Problem details:
Restate word for word the lines below that run from the one holding "Betsy Furniture 3PC" through the one holding "IXCE Tangga Lipat", inclusive. Pictures don't belong in the copy.

Data for this task:

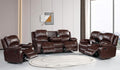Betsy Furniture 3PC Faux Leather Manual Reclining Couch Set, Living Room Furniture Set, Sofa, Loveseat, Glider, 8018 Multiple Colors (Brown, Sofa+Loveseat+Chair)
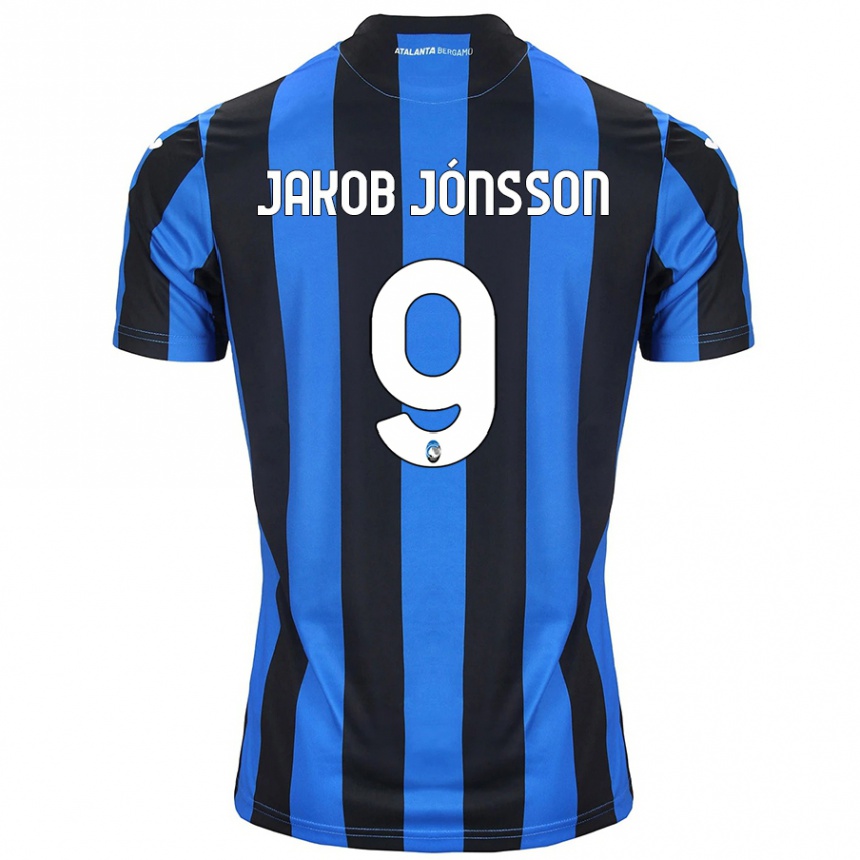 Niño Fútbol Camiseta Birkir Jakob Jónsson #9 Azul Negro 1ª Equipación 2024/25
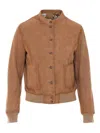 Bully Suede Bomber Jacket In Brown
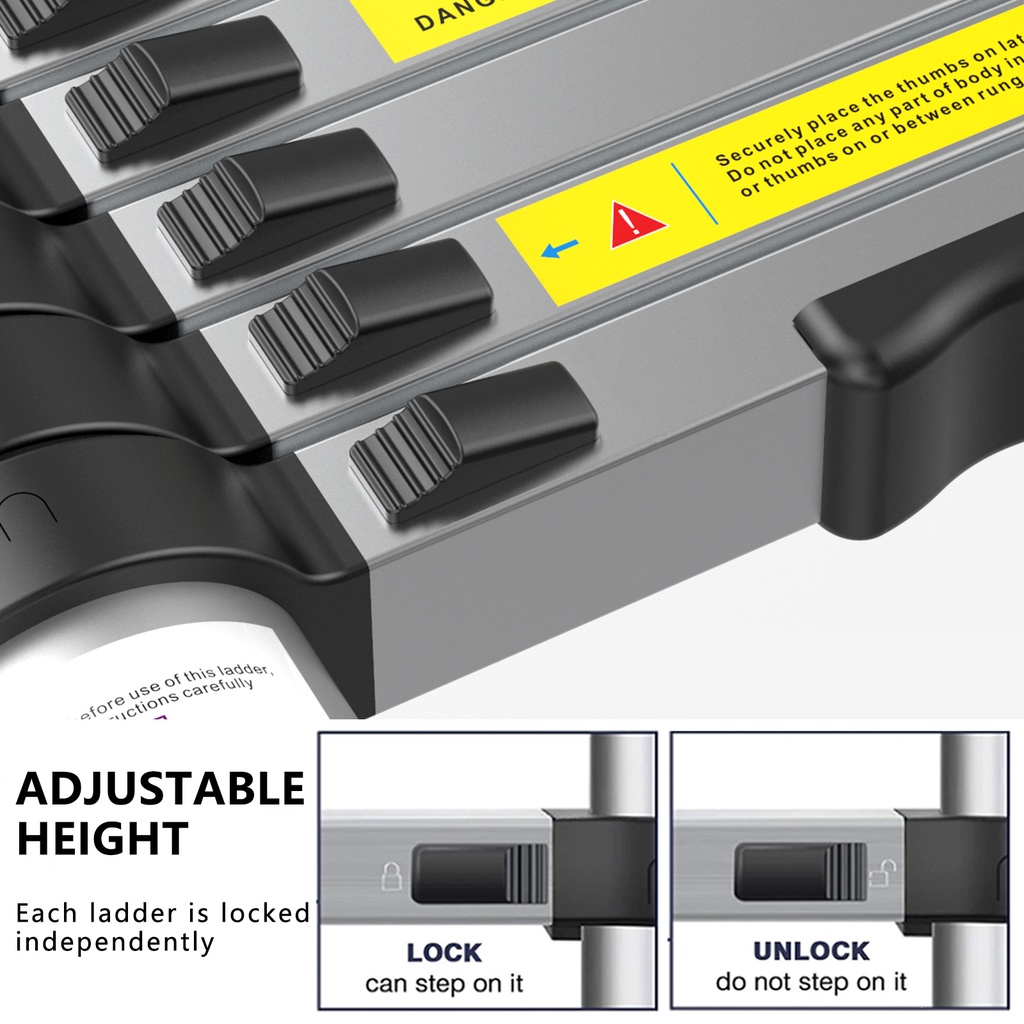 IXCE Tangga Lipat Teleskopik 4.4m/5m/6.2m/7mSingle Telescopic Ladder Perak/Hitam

==

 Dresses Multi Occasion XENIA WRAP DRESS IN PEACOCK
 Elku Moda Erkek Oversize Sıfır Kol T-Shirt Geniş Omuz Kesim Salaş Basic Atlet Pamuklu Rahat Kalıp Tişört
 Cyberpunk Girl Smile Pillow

The completed task:
Betsy Furniture 3PC Faux Leather Manual Reclining Couch Set, Living Room Furniture Set, Sofa, Loveseat, Glider, 8018 Multiple Colors (Brown, Sofa+Loveseat+Chair)
 Niño Fútbol Camiseta Birkir Jakob Jónsson #9 Azul Negro 1ª Equipación 2024/25
 Bully Suede Bomber Jacket In Brown
 IXCE Tangga Lipat Teleskopik 4.4m/5m/6.2m/7mSingle Telescopic Ladder Perak/Hitam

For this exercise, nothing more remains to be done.